A new study indicates that immigrant workers have found jobs faster than their native-born counterparts after the economic downturn in 2008.

Between June 2009 and June 2010, the unemployment rate among native-born workers rose to 9.7 percent, from 9.2 percent. Among immigrants over the same period, the rate fell to 8.7 percent, from 9.3 percent, the Pew Hispanic Center report notes.

So what's going on?

For one thing, immigrants--legal and illegal--are more flexible during an economic downturn because they are more willing to move to where jobs are, policy analyst Aaron Terrazas of the Migration Policy Institute tells The Upshot. Because illegal immigrants don't qualify for unemployment insurance, they often have no choice but to get another job, even if it's very low paid, part time or otherwise undesirable. Immigrants "tend to respond more quickly to mismatches in the economy" than native workers do, Terrazas says.

This flexibility explains why median immigrant pay has plunged 4.5 percent from 2009 to 2010, while native-born workers' wages have remained flat.

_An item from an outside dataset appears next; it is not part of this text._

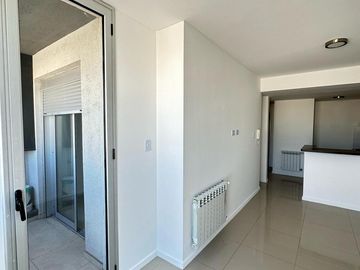 Departamento en venta de 1 dorm con balcón al frente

Recessions also tend to hit immigrants before they hit native-born workers, so job losses fell on the immigrant community as early as 2007. Native-born workers did not begin feeling the effects until fall 2008.

Though illegal immigration has been falling since 2005, the report may become a talking point among politicians who advocate stricter controls on immigration. Terrazas says politicians have not picked up on the slowdown in illegal and legal immigration as the economy at large has faltered. (Read more about how the recession sparked a global crackdown on immigrants.)

Michael Lind of the nonpartisan New America Foundation think tank says the report may be used to stoke anti-immigrant sentiment. The Pew study debunks the frequent contention that illegal immigrants take jobs that Americans don't want--like seasonal fruit picking on a farm, for example. Pew researchers found that immigrants have been gaining jobs in the education and health care sectors.

"If the foreign-born are making gains in health care and education, then a much stronger case can be made that they're competing with American workers," Lind says.

The report also shows that native-born workers need to become flexible in order to bounce back from the recession, Lind argues. Because unemployment benefits are state-based, laid-off workers often cannot move to better job markets in the same way that nonqualifying immigrants can.